Zamanında HDP sıralarından yükselen 1921 referansları söz konusu sözleşmenin bir parçasıdır örneğin.

Dahası, zamanında “meclisin içinde ve dışında farklı kesimlerinin, sivil toplum kuruluşlarının, demokratik örgütlerin, uzmanların katılımıyla tartışılarak adımlar atılacaksa o zaman bu çalışmaların gerçekten ciddiye alınma ihtimali ortaya çıkar” diyen Saruhan Oluç, Mehmet Uçum’un son sözlerinden sonra sanıyoruz elini taşın altına koymalıdır…

“Yeni Anayasa’yı yerel seçimden sonra gündeme getirin” diyen İYİP sözcüsü Zorlu “bu sözleşmenin arabuluculuğunda biz de varız” dememiştir de ne demiştir?

“AKP-HDP görüşmesi sadece bir Anayasa değişikliği görüşmesi değildir. Önemli görev dağılımının yapıldığı yeni bir PKK Açılımı sürecinin başlangıcıdır” diyen Ümit Özdağ ise her zaman olduğu gibi kendisine verilen görevi yerine getirmekte, ama tartışmayı kendi meşrebince harlamaktadır.

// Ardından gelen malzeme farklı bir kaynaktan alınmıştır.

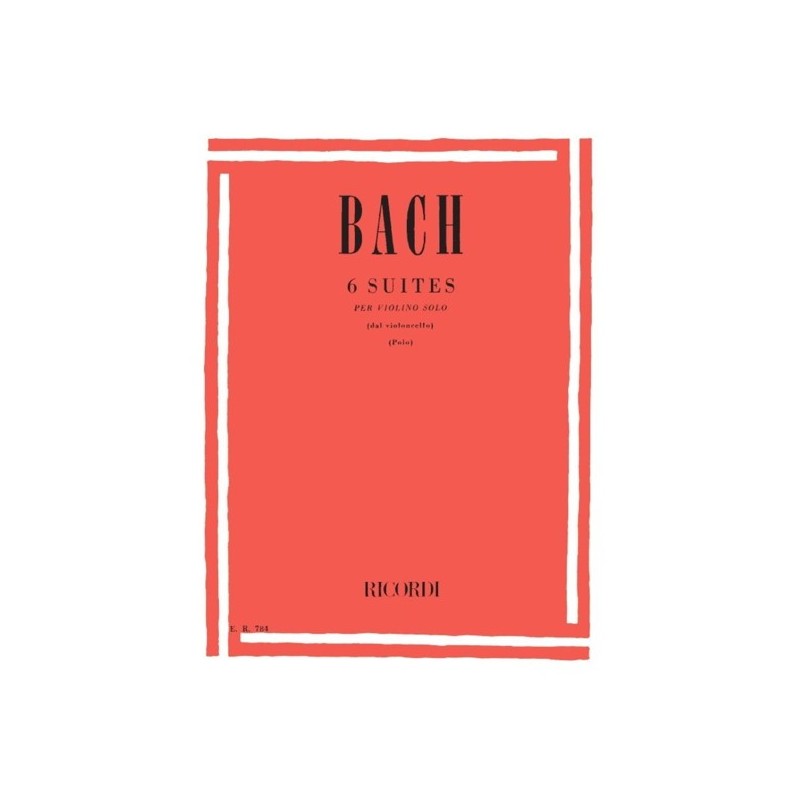 9790041807843ER_00078400 6 Cello Suites - Violin Solo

“Gerçek bir yeni anayasa yapmak isteyen yok” diyerek iç geçiren, ahlanan Altan Tan ise karşıdevrimin çağırdığı ruh halinin hem nedeni hem de sonucudur.

Anayasa’yı kılık kıyafete mahkum eden, TÜSİAD’ın çok seveceği şekilde bir "kültür kavgası"na sıkıştıran CHP de sözleşmenin parlamentodaki en önemli güç kaynaklarından biridir.

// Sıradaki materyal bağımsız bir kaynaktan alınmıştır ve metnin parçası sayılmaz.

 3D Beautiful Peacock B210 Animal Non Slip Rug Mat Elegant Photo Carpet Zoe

Ve evet, bu sözleşmeyi en çok TÜSİAD istemektedir. 1980 darbesi, ’82 anayasasıyla işçileri susturma ve zenginliklerine zenginlik katma olanağı kazanan patronların asıl mutluluk kaynağı değil midir? Şimdi de yirmi yıllık yorgunluğun ve onca badirenin bir toplumsal kendine gelişle sonuçlanmamasını istemektedirler. Bunlar, sömürenlerle sömürülenler arasında yeni sözleşmenin yolunu gözleyen sınıftır.

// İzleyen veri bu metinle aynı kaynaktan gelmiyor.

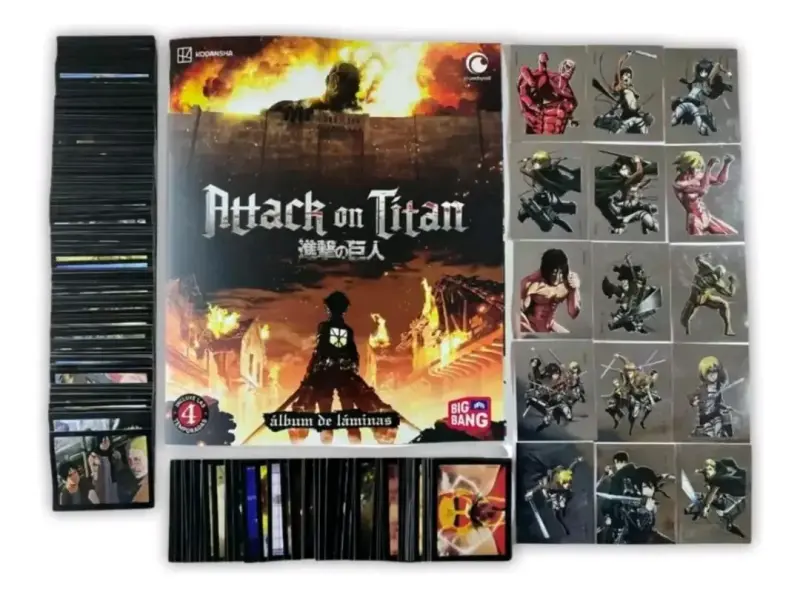 Álbum de láminas Attack on Titan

İşte Yeni Anayasa ancak bu ruh halinin ürünü olabilir. Parlamentonun bütün bileşenleri bu ruh haline katkıda bulunmak için göreve çağırılacaktır.

2023’ün parlamentosu 1920 meclisinin tam tersidir. Bitkindir, durgundur ve aynıların aynılıklarını ispat ettiği bir tür muhabbet kulübü gibidir. Bu parlamentoya biraz hareket gerekmektedir…

Yoksullukla, eşitsizlikle boğuşan Türkiye halkının ise tam tersine ihtiyacı bulunuyor. Halkın oylamaya, “yetki devri”ne, vekalete ihtiyacı bulunmuyor. 

Halkın her şeyden önce yetkiyi ve sorumluluğu kendi eline alması gerekiyor. Hem de kayıtsız ve şartsız. Kendisinin üzerinde başka hiçbir gücün olmadığı ispat edercesine.